■ **INFORMATION SHOWN**:
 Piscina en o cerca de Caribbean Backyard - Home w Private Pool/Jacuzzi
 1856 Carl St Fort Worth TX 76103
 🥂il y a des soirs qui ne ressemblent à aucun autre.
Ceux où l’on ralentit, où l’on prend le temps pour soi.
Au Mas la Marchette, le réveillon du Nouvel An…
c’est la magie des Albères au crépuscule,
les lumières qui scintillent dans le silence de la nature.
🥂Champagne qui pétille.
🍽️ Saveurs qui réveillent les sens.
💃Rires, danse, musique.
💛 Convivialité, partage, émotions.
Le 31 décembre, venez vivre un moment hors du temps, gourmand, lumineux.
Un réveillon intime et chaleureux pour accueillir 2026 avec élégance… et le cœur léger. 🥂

...

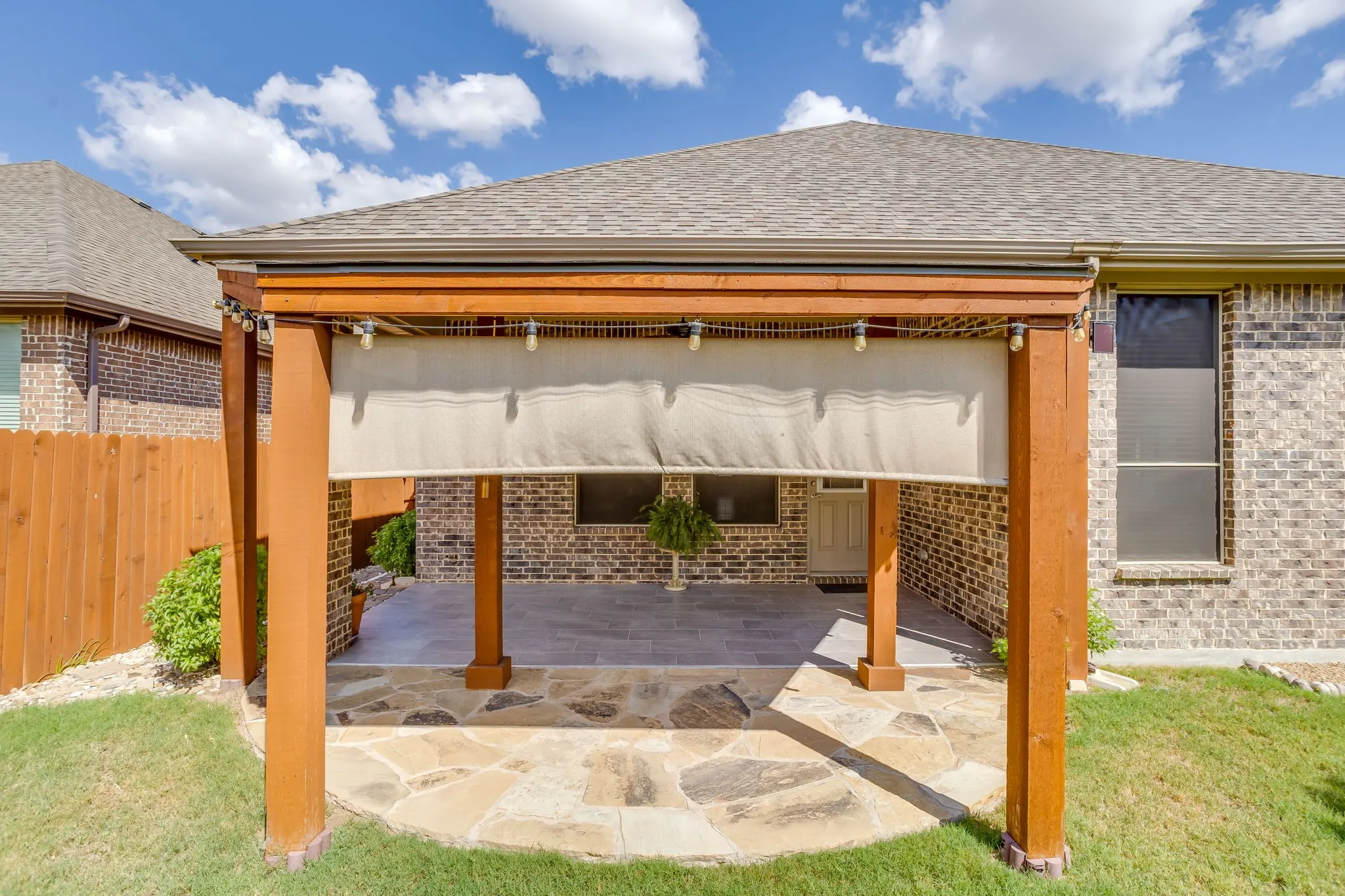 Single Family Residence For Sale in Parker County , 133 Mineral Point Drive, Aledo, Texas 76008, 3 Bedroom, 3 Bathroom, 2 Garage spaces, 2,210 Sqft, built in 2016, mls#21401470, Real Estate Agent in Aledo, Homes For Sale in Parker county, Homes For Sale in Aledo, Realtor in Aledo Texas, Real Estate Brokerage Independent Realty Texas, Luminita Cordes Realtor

■ **TASK DIRECTIONS**: If a line above holds the string "réveillon", copy it out.

■ **FINAL ANSWER**:
Au Mas la Marchette, le réveillon du Nouvel An…
Un réveillon intime et chaleureux pour accueillir 2026 avec élégance… et le cœur léger. 🥂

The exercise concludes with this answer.